• _THE PROBLEM_
Down to the last line, set down the material below exactly, excluding pictures.

DATA SECTION START

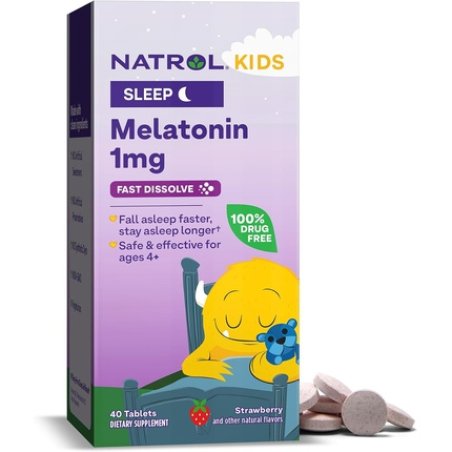 Natrol Kids Fast Dissolve Melatonin 1mg Dietary Supplement For Restful Sleep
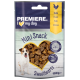 Packaging for "Premiere I ❤️ my dog" mini snacks, featuring heart-shaped treats, labeled as chicken flavor, 100g.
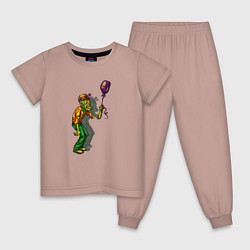 Пижама хлопковая детская Зомби и шарик, цвет: пыльно-розовый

DATA SECTION END

• _RESPONSE TO THE EXERCISE_
 Natrol Kids Fast Dissolve Melatonin 1mg Dietary Supplement For Restful Sleep
 Packaging for "Premiere I ❤️ my dog" mini snacks, featuring heart-shaped treats, labeled as chicken flavor, 100g.
 Пижама хлопковая детская Зомби и шарик, цвет: пыльно-розовый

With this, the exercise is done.